I'm just going to start out with a short infomercial for SMART. We've been around for 35 years. We've got 3,700 employees worldwide, two major factories, one here in the Bay Area and the other one in Penang. We've got multiple teams of engineers working on many different kinds of products, flash and memory types of products. And we support many different types of applications and customers.

We have three different business units. I'm in the memory solutions business unit. We also have the intelligent platform solutions which consists of Penguin, Stratus, and also Inforce, and Artisan Embedded, which aren't shown on there. And the third group is Cree LED, and they build specialized LED solutions for stadiums and so forth. So these segments and business units are focused on specialty markets and providing unique solutions and solving customers' problems.

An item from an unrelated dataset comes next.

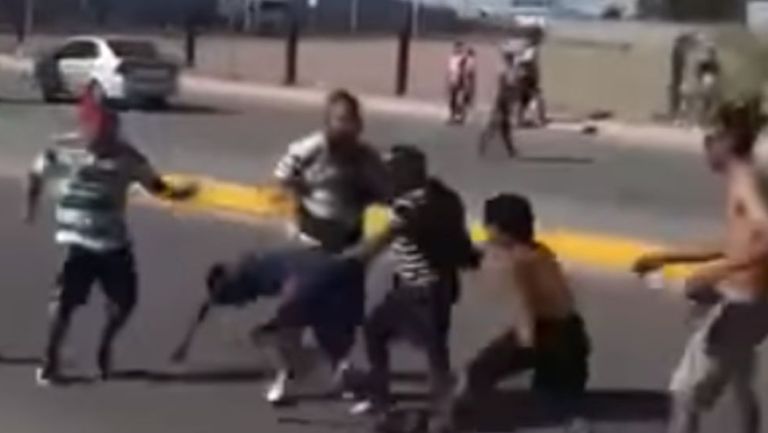 Aficionados de Santos agrediendo a uno de Chivas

All right. So to get to this point, now with CXL and all the discussions and engineering focus, it's been a long path. These products are all products that we've developed. I'll start at the top there. We have Optane add-in card using Optane DIMM, so that was up to two terabytes. On the right is a CCIX E1.L module. So that took quite a bit of development work with CCIX and also belonging to all these consortiums and groups. The one on the right is a Gen Z. We had three generations of the Gen Z product. We had high hopes for Gen Z and put a lot of effort into that. And thanks to everybody else who developed the standards for Gen Z. It did look very promising. On the bottom, those three are the NVDIMM. We had a DDR3 NVDIMM, a DDR4 NVDIMM, and we started on a DDR5 NVDIMM, but that's actually now moving into CXL. So it's all coming together with CXL, and I see a lot of momentum in the industry. It's really nice to see this doesn't come easy. And the one on the top left is a DDIMM. That's with OpenCAPI. So we're building the DDR4 DDIMMs and DDR5 DDIMMs in three different form factors. All of that takes a lot of work. So the complexity of the memory is just increasing as you go from parallel attached to serial attached memory with either controllers or FPGAs on these memory modules. It's very complex. The testing required takes a lot of know-how. So I think having this experience for the last 10 years and more really helps us to get to where we are now.

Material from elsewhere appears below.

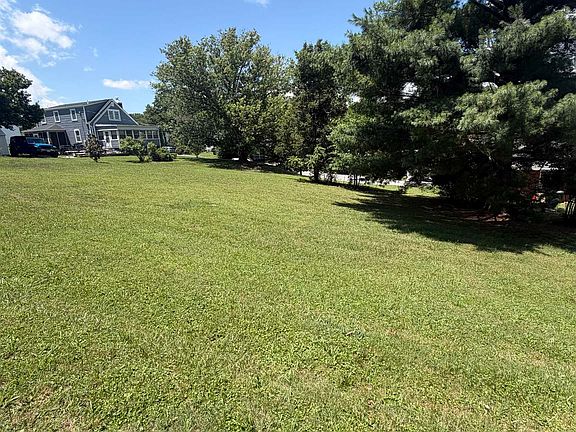 5th image of 623 D St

We've heard a lot of detail about the applications, so I'm not going to go too much into that. So AI and machine learning, the large databases that are needed for these data sets for imaging and facial recognition and so forth, just larger and larger data sets. Same thing on the right with in-memory databases. You have online transaction processing that require just more and more memory. And what we're seeing now is a transition to CXL and the module shown there, you've got several different types of adding cards and also the E1, the pluggable modules, the E3.S 2T.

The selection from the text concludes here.